Ainda na introdução do livro, se distraiu com o som dos galhos balançando a um vento mais forte. "Esse sombreiro deve ter uns cem anos, não é possível que resolva tombar hoje", riu da unica falha em seu plano infalível. "Não é possível...". Brincava com o destino. Desde pequena, quando queria muito ir para algum lugar, jogava uma moeda para o alto e dizia: "se a moeda cair em pé no chão, eu não vou". Uma vez teve que ir ao inconveniente chá-de-bebê de uma conhecida, tudo porque o apartamento da frente resolveu pegar fogo.

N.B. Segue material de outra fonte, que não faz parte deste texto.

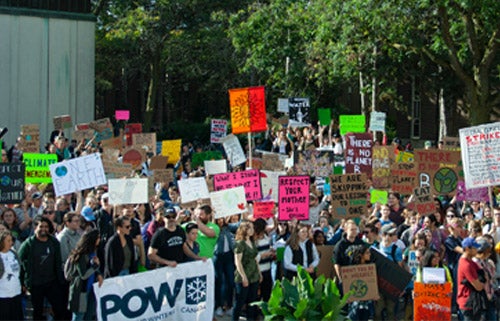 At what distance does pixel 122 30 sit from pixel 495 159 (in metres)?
24.3

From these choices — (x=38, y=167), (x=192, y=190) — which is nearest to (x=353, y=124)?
(x=192, y=190)

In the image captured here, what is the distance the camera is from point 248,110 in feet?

Deve estar atrasada, pensava. Sua perna direita não parava de se mexer. Os olhos conferiam qualquer pessoa que passasse pela calçada. Chegou a acenar para duas mulheres; uma delas não se parecia nada com Maria. Depois de um tempo agoniada, resolver passar a limpo, ela mesma, os textos que ficaram de discutir. Pegou uma caneta em sua bolsa e riscava as palavras com uma linha fina, para que ainda soubesse o que estava lá. Sônia era a insegurança em pessoa. Sabia, e todos diziam que ela escrevia melhor do que Maria. Mas a irmã era mais despojada, mais exibida. E Sônia ficara dependente do seu crivo.
Maria não virava mais as páginas. Por um tempo desejou ouvir um trovão, uma serra elétrica ou um bater de machado. Pensou no que estava fazendo e tentou se perguntar quando tinha se tornado tão hostil. Mas a própria pergunta engasgava em seu orgulho. E ela fingia para si que estava lendo o livro tranquila em sua poltrona nova.
Sônia não aguentou. Sem perceber, estava riscando frases, parágrafos inteiros. Com o tremor da perna, a linha saia torta. A mania de organização fez com que ela parasse com o massacre literário. "Vou até lá!", disse ela em voz alta. Pagou os cinco cafés e se dirigiu ao carro.
Maria tinha se resolvido: lia o livro em voz alta. Começou baixinho, mas já estava em pé, gritando cada palavra. Andando pela casa e voltando as páginas para reler compulsivamente. Ela escuta um som alto. Um estrondo vindo da rua. Corre para ver o que estava acontecendo. Quando sua vista alcança a janela, não acredita: a árvore não estava lá. Sorri. Do jeito que estava, desce as escadas correndo para pegar um taxi. Enquanto descia, preparava uma bela desculpa para seu atraso.
Sônia já tinha pego o carro a um tempo. Dirigia furiosa, costurando o trânsito. Não gostava de dirigir. O carro era do seu marido e ela usava em ocasiões extremas; como essa, em que quase se atrasou para o encontro com sua irmã na cafeteria. Bastou-lhe uma curva. Um fusca trancou sua passagem e ela virou o volante muito rápido.
"Perdeu o controle", dizia o homem para Maria. A batida foi tão violenta que derrubou o sombreiro, de mais de cem anos.